I think that somebody buying tax certificates for the interest rate return or penality return could start doing it right away without much knowledge of real estate. But, for anybody thinking of buying properties through tax sales or certificates, I do not believe this. I think people need to know something about real estate investing before they go this route. Too many possible problems with tax sales properties.
This is not like buying homes sold by ordinary owner-occupants throught the local multiple listing service real estate brokers. This is buying properties with no title insurance, no disclosures, usually no communication with the sellers–although this last would not be so for the pre-sale solicitation approach.
I have a property that I own in Yavapai County, AZ, many years ago from the county after they acquired it through tax delinquency foreclosure. It is near a creek in the town of Cottonwood. I bought it for less thatn $500, without knowing better. The property is in the flood-plain. To make it usuable, according to a local real estate professional who looked at it for me, one would have to fill it with many truck-loads of dirt. I have not paid the taxes for well over 10 years. If you approached me about selling the property for $50 or $100, with you taking on the tax burden, you bet that I would feel positive about selling to you. But, being the person that I am, I would disclose to you the situation as I understand it. Many other property owners with unusuable properties–at least in their current states–might not tell you the negatives of their properties, and sell gladly for what they could get.
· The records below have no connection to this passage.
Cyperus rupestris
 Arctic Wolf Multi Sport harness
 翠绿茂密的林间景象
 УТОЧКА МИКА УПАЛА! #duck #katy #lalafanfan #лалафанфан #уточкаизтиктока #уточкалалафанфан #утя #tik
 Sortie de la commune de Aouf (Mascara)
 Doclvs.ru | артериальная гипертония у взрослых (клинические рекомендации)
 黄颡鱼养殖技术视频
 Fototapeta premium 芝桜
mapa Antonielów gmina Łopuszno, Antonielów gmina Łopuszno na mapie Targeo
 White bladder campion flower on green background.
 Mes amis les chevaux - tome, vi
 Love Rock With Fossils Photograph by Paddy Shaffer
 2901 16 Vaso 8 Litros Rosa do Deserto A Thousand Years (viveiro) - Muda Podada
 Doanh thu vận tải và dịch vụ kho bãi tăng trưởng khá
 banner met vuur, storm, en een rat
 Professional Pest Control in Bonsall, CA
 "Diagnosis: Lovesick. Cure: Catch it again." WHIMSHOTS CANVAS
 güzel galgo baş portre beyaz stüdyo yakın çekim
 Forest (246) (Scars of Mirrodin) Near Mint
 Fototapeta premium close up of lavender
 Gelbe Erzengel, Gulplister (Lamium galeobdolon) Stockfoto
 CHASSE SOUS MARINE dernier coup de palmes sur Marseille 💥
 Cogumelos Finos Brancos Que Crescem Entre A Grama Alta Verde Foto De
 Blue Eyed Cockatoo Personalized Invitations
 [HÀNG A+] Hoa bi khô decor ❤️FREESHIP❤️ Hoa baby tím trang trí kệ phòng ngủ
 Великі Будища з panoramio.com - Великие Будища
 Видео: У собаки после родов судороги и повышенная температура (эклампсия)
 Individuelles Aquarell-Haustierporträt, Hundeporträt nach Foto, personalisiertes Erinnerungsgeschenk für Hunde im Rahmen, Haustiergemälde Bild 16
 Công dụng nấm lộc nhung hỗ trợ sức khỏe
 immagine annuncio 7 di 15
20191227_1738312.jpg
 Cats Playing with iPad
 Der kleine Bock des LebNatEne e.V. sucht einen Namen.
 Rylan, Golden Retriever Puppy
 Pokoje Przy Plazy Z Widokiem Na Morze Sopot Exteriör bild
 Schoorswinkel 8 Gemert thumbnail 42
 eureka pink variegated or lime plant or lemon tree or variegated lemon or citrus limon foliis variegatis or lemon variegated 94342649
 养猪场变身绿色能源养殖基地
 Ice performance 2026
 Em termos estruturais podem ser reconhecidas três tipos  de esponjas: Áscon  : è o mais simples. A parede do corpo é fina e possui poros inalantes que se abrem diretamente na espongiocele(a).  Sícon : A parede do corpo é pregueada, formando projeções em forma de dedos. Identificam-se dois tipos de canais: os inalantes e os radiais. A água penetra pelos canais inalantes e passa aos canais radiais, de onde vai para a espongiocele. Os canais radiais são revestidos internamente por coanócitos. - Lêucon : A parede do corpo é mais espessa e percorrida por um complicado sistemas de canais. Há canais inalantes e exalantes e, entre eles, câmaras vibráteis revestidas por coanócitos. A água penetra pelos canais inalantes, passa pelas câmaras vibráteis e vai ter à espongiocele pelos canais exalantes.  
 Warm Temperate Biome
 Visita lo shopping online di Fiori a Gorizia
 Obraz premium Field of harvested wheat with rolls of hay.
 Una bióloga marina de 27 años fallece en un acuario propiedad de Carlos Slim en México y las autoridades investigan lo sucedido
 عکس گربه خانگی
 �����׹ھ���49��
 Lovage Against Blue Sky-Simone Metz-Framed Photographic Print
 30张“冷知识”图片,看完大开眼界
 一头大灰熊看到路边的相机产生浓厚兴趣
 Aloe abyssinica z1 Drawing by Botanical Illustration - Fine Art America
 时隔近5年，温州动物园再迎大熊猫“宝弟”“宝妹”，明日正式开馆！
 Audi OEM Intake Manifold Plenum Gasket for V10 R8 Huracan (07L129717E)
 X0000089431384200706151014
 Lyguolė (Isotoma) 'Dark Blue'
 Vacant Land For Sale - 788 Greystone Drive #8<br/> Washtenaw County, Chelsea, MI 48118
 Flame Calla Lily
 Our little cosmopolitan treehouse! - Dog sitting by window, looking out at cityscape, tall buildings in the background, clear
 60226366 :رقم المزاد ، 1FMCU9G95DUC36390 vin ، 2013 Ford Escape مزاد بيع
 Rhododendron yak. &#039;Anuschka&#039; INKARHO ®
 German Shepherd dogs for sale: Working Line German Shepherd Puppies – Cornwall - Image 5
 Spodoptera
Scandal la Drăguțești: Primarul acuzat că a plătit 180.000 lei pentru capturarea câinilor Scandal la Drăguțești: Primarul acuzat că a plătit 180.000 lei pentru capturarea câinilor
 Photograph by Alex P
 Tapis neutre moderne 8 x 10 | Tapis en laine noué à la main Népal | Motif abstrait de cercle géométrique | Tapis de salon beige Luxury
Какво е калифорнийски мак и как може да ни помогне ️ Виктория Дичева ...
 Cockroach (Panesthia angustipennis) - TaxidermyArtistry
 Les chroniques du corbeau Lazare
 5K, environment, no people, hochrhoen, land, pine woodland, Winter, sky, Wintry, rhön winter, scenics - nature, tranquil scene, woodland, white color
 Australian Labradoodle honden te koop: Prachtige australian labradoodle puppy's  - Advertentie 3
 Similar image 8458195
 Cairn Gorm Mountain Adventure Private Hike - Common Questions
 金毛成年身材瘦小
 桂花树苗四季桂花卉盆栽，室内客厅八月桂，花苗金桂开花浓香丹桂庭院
IN SUMMARY. I do feel that the approach could have some success. You would only want to buy properties where there is some demand and you could economically attract potential buyers. You would want to do some checking of any property before buying it. You would want to check out the local real estate market before buying the property. In fact, you should probably do so before sending solicitation letters to the tax-delinquent property owners. Yes, money might be made. But Roy’s description of how easy it all is is, in my opinion, not telling the whole story. By the way, this response is not the whole story. But a lot more of the story than Roy ever talks about.